Education - Social Issues
Tests are Culturally Biased
Cultural bias is interpreting and judging phenomena in terms particular to one's own culture. Let's see how that applies to bias in testing.
Tae Sung, from Korea, looked at question number one on the test:
Her tooth came out so she put it on top of the refrigerator.
A under the tree.
A under her pillow.
In Korea, a child throws his or her tooth up on the roof so that the next one will grow in straight, but none of the answers said that. Tae Sung knew the first answer meant up so he marked that one. Borden, from the Marshall Islands, also looked a long time at the first question. In his country, you throw your tooth in the ocean for good luck. He raised his hand and said to the teacher, "You have to throw your tooth in the ocean." The teacher put his finger to his lips and said, "I'm sorry. I can't help you. No talking during the test, please." So Borden marked "none of the above. (Laturnau)

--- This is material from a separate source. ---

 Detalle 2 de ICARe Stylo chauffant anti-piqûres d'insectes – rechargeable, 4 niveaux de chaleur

This very simple example defines in clear terms one of the issues we are discussing in this essay -- cultural bias in testing. There is no question by most scholars that there is indeed cultural bias that promotes unfair discrimination against minorities. Study after study has proven this to be a fact. And this bias is pervasive in all types of testing, whether it be educational, standardized, assessment, entrance, pre-employment, intelligence, etc. And at every level and age bracket of testing.

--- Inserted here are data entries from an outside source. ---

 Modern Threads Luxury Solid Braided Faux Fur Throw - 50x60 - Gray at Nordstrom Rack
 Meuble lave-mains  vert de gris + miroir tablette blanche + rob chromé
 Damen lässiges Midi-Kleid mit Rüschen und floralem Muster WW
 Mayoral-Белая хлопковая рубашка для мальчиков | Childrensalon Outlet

Is this discrimination intentional? Many and varied answers exist to that question. But the majority opinion is that the discrimination in most cases, is not intentional.
Jay Rosner, executive director of the Princeton Review Foundation, conducted an SAT bias analysis in 2003. He examined answers from 100,000 test takers along with their race, ethnicity and gender. Rosner's findings, outlined in "On White Preferences," showed that "every single question carefully preselected to appear on the test favors whites over blacks." Rosner said that whites answered 99% of the questions correctly at a higher rate than did blacks and Latinos. "The test developers at ETS don't intend to produce these results," Rosner said. "They are choosing questions using a methodology that produces very consistent and predictable results." (RamMohan)

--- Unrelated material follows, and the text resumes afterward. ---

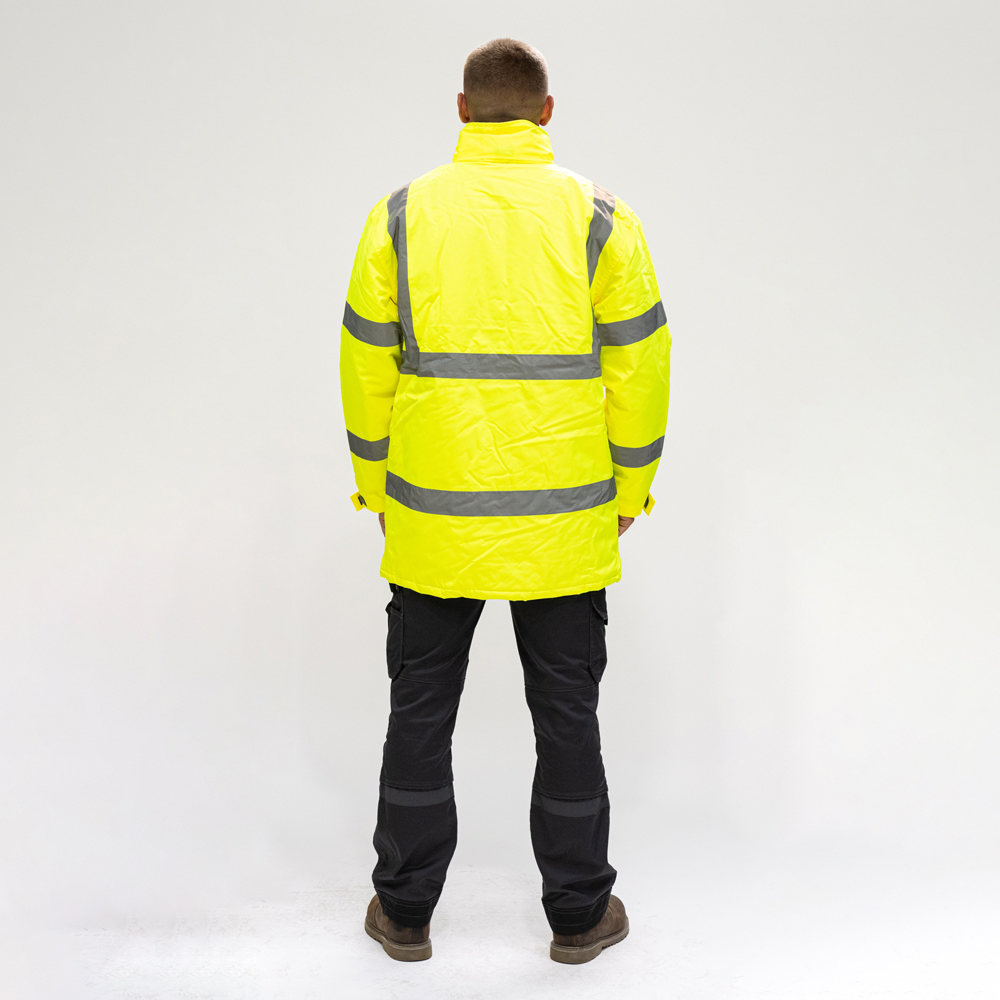 Hi-Visibility Parka Jacket - Yellow - Back View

Not intentional in most cases, but still pervasive. What's the solution?
Since culture and cultural content are inextricably woven into language, culture-free testing does not exist," say scholars at Brown University. "Even nonverbal tests can have cultural assumptions embedded in them. Rather than trying to make tests culture-free, therefore, the challenge is to make them culturally responsive." (Education Alliance at Brown University)
And Judith Bernhard of Ryerson Polytechnical Institute, Toronto, Canada concludes:
There is a link between assessment procedures and cultural inequities in the school system. Inequities result because testing procedures are based on a defective concept, that of a culture-free intellectual ability.
Educators need to recognize a diversity of mental abilities and skills, as well as an appreciation of their relationship to cultural context."
The argument has been put forth numerous times that redesign of tests, eliminating certain questions, or broadening the sample, might be a solution to the bias inherent in testing. Others suggest that redesigning evaluation procedures or revised methods of scoring could help. All have been tried, some have helped, and most have failed.
What is soon discovered is that all these solutions applied to a fundamentally and inherently defective test will not bring about a positive result. (Bernhard) the thought that all members of every population will look at the world in the same way is false.
The notion of cultural validity in assessment addresses the fact that society and culture may influence the way in which individuals interpret test items and respond to them. A test cannot be considered as culturally valid if these sociocultural influences are not taken into account throughout the entire process of its development. (Solano-Flores)
We have discovered that most experts agree it is difficult, if not impossible, to compose a test that is free of cultural bias. And one of the primary problems we have not mentioned is that, in attempting to free an examination of its culture bias towards a particular culture, it is often inherent that we would create a bias towards another of the constituent cultures. Particularly in these diverse United States, and with standard achievement tests administered to broad bases of highly diverse cultures, the task becomes almost impossible.